## WHAT YOU SHOULD DO
Go through the entries below, count every line with the string "produced", and answer with only that number.

:: RAW DATA ::

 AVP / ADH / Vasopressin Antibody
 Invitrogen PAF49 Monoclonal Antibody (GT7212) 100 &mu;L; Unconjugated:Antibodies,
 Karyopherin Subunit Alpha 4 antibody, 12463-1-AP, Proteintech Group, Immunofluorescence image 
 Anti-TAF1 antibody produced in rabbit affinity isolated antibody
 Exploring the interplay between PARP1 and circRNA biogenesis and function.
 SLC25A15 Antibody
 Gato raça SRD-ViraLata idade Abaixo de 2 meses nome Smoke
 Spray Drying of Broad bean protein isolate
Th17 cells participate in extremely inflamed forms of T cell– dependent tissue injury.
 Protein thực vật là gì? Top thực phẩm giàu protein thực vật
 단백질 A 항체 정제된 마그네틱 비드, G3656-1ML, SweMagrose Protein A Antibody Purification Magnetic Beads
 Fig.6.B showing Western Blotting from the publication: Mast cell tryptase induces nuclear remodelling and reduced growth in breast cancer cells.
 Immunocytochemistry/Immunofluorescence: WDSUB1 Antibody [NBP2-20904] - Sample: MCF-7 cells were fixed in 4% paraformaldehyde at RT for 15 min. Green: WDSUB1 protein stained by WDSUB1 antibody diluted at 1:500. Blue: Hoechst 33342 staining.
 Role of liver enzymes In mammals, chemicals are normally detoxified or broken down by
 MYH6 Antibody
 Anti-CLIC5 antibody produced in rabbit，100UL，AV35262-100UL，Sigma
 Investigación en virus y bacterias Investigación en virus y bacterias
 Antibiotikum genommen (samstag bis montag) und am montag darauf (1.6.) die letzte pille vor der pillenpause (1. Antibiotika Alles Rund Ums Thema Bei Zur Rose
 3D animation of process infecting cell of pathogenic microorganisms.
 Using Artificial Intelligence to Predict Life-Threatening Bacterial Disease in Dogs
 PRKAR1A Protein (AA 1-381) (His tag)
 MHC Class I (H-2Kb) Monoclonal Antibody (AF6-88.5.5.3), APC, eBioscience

:::

## ANSWER SPACE
2